* **WORK REQUIRED**
What you return must match the entries word for word, minus the pictures.

Start of RECORDS TO PROCESS

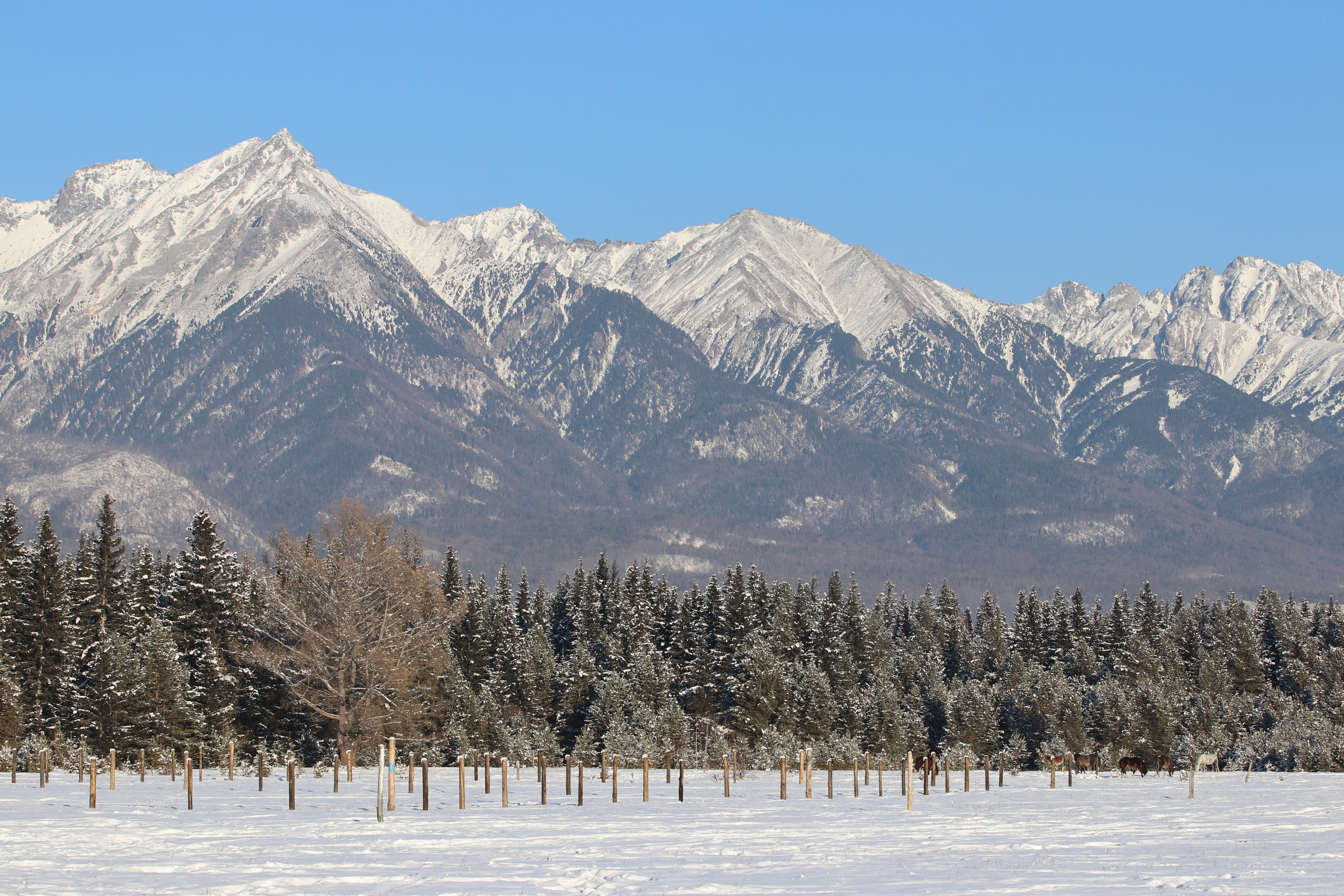Аршан. Январь 2022. Путешественник-фотограф из Санкт-Петербурга Татьяна Свистулина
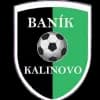 Banik Kalinovo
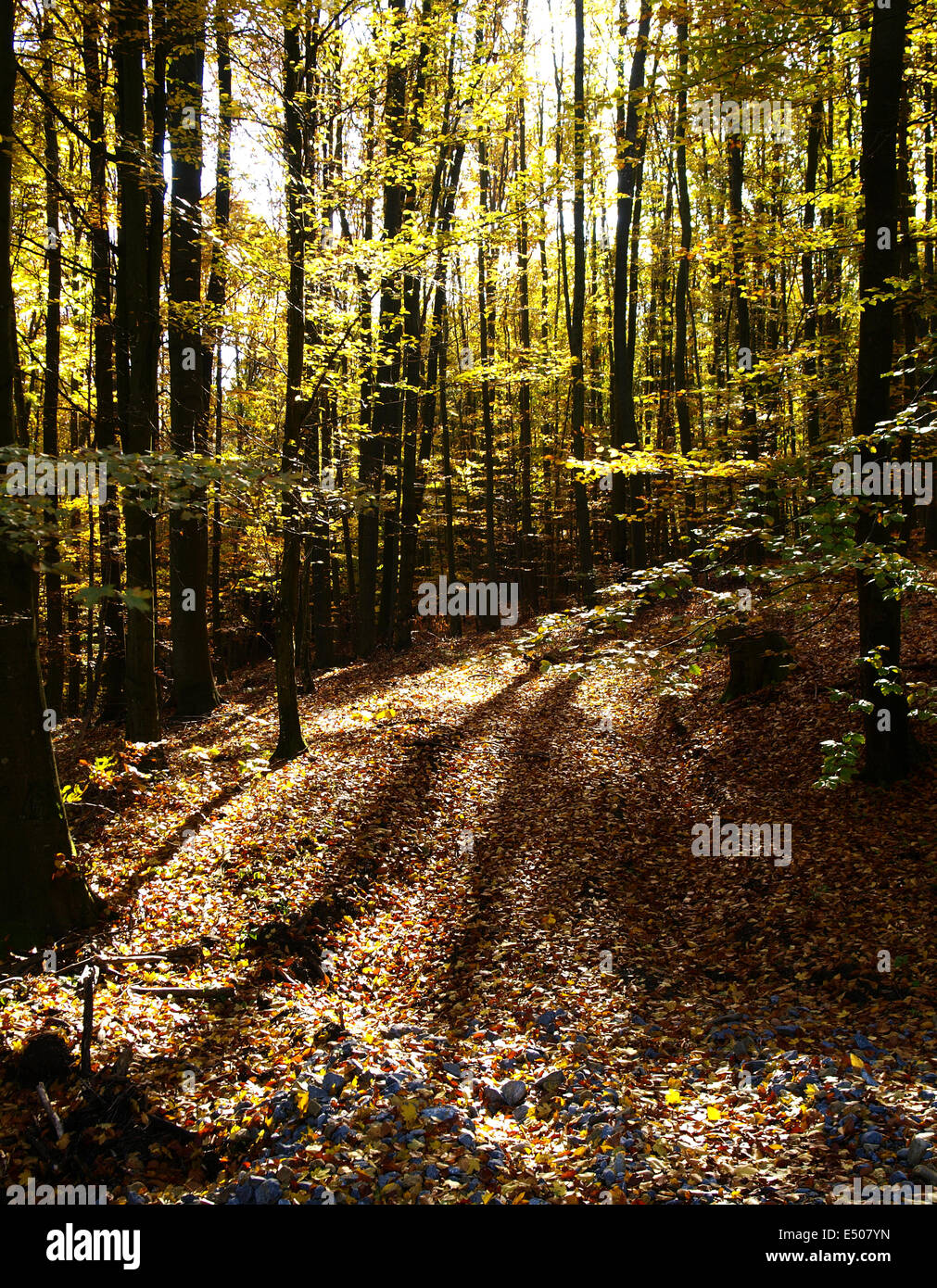 umore di autunno Foto Stock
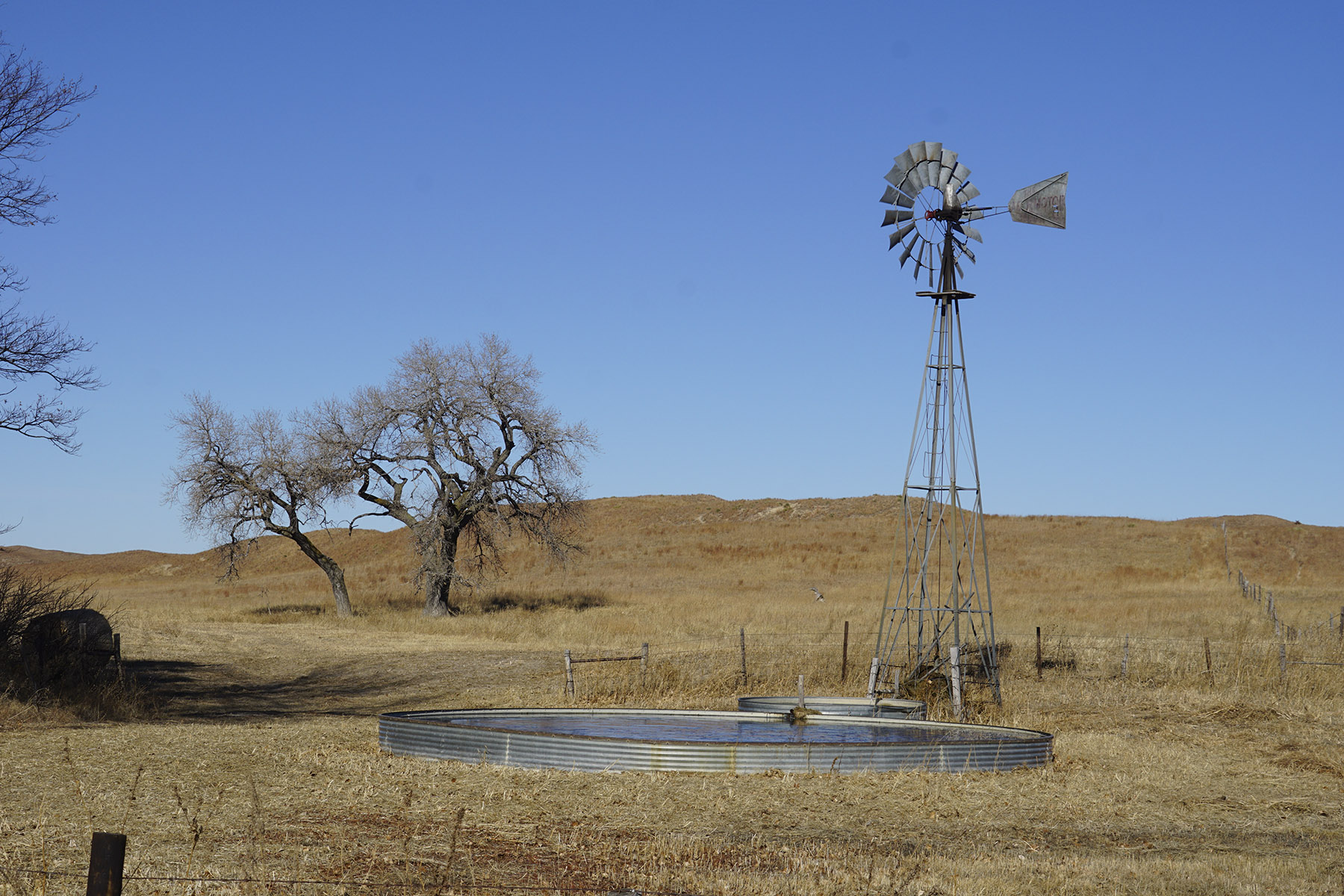 Philpot Ranch property picture 32 of 53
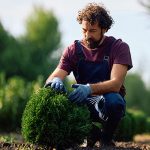 différence entre un paysagiste et un jardinier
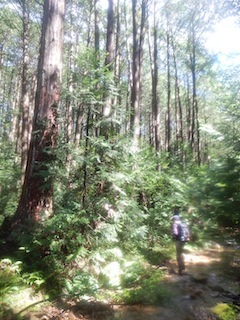 c0359615_12515520.jpg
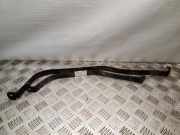 Halteband für Kraftstoffbehälter Nissan Juke (F15)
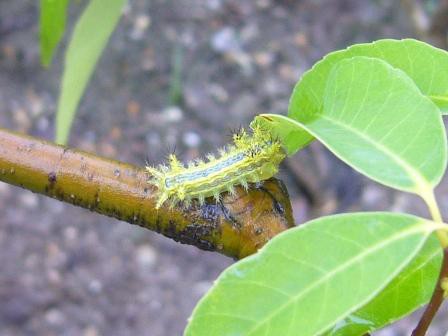 ヒロヘリアオイラガ 庭右衛門ブログ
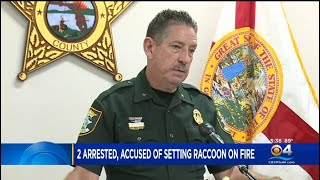 Florida Man And Daughter Accused Of Setting Raccoon On Fire In A Dumpster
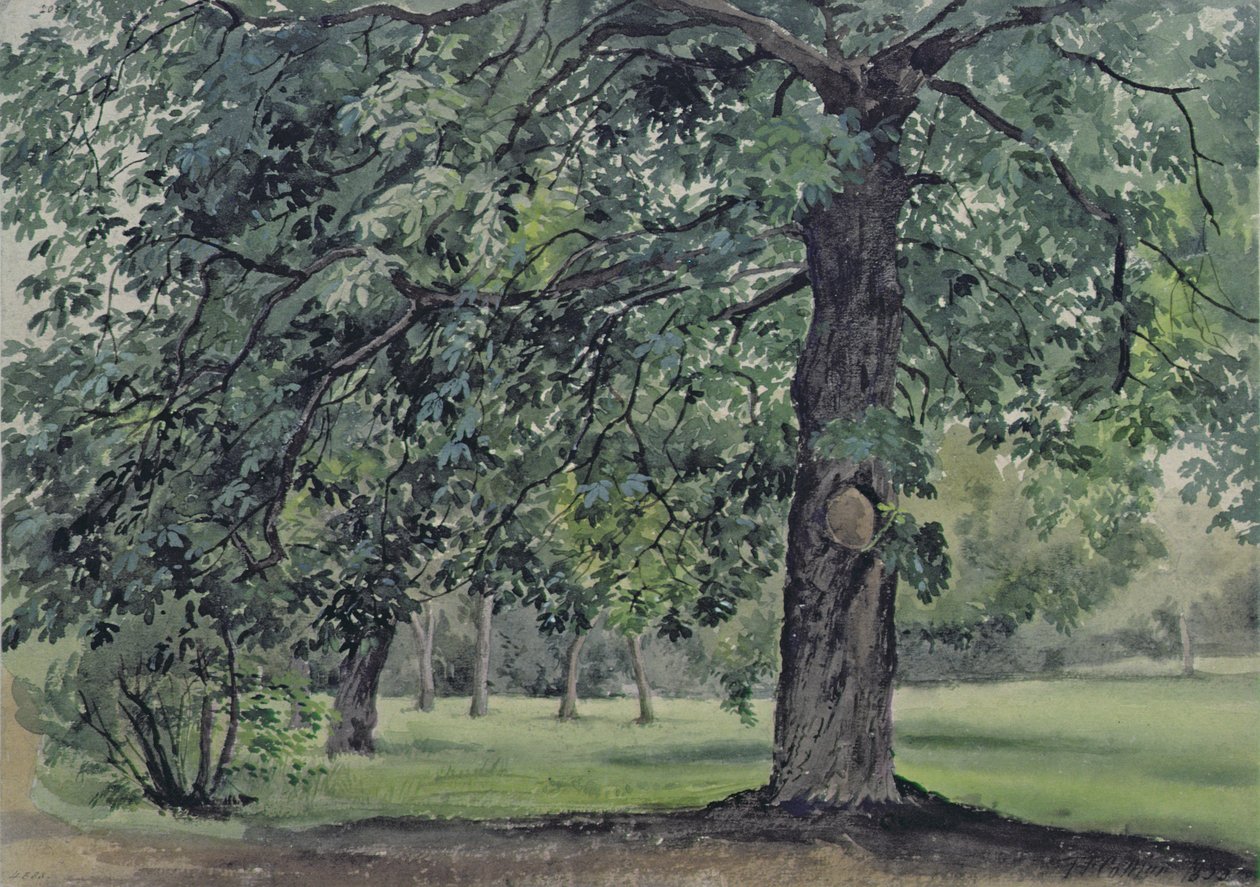 Paisagem, com, árvore castanha, em, a, primeiro plano de Thomas Collier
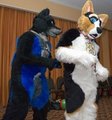 Corgi MFM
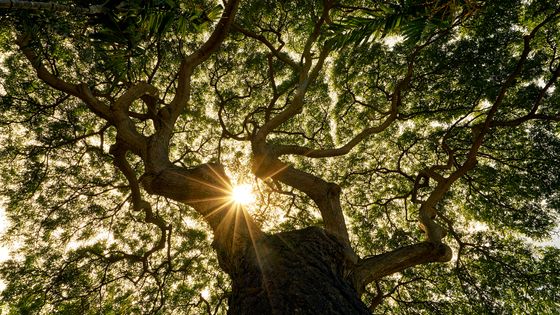 Chercheur atypique, l’ingénieur forestier Ernst Zürcher mêle science et spiritualité pour percer les liens mystérieux qui unissent l’arbre et l’homme. ©Getty - Matt Anderson Photography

End of RECORDS TO PROCESS

* **RESULT OF THIS TASK**
Аршан. Январь 2022. Путешественник-фотограф из Санкт-Петербурга Татьяна Свистулина
 Banik Kalinovo
 umore di autunno Foto Stock
 Philpot Ranch property picture 32 of 53
 différence entre un paysagiste et un jardinier
 c0359615_12515520.jpg
 Halteband für Kraftstoffbehälter Nissan Juke (F15)
 ヒロヘリアオイラガ 庭右衛門ブログ
 Florida Man And Daughter Accused Of Setting Raccoon On Fire In A Dumpster
 Paisagem, com, árvore castanha, em, a, primeiro plano de Thomas Collier
 Corgi MFM
 Chercheur atypique, l’ingénieur forestier Ernst Zürcher mêle science et spiritualité pour percer les liens mystérieux qui unissent l’arbre et l’homme. ©Getty - Matt Anderson Photography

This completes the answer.